(Listed records begins)
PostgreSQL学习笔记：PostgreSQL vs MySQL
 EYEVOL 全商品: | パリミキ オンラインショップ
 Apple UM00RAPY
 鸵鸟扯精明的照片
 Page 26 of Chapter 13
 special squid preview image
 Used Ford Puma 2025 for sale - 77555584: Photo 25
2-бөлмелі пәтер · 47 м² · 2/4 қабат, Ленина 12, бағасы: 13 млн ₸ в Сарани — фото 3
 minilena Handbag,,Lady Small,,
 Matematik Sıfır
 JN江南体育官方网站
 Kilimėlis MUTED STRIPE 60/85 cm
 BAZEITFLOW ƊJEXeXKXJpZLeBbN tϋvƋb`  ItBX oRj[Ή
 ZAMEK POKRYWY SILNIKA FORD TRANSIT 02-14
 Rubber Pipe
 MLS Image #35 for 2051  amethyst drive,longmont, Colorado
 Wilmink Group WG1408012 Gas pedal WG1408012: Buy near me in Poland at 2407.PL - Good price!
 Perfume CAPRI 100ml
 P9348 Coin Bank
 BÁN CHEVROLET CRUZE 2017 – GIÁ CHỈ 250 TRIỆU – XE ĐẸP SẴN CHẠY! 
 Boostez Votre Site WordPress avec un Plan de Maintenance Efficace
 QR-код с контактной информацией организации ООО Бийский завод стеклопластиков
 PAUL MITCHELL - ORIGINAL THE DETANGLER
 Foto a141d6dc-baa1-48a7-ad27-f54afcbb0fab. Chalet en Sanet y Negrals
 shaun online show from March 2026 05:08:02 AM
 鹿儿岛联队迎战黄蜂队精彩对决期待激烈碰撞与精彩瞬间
(Listed records ends)
Return only the part of the records above that opens with the line containing "P9348 Coin Bank" and closes with the line containing "shaun online show", ends included.

 P9348 Coin Bank
 BÁN CHEVROLET CRUZE 2017 – GIÁ CHỈ 250 TRIỆU – XE ĐẸP SẴN CHẠY! 
 Boostez Votre Site WordPress avec un Plan de Maintenance Efficace
 QR-код с контактной информацией организации ООО Бийский завод стеклопластиков
 PAUL MITCHELL - ORIGINAL THE DETANGLER
 Foto a141d6dc-baa1-48a7-ad27-f54afcbb0fab. Chalet en Sanet y Negrals
 shaun online show from March 2026 05:08:02 AM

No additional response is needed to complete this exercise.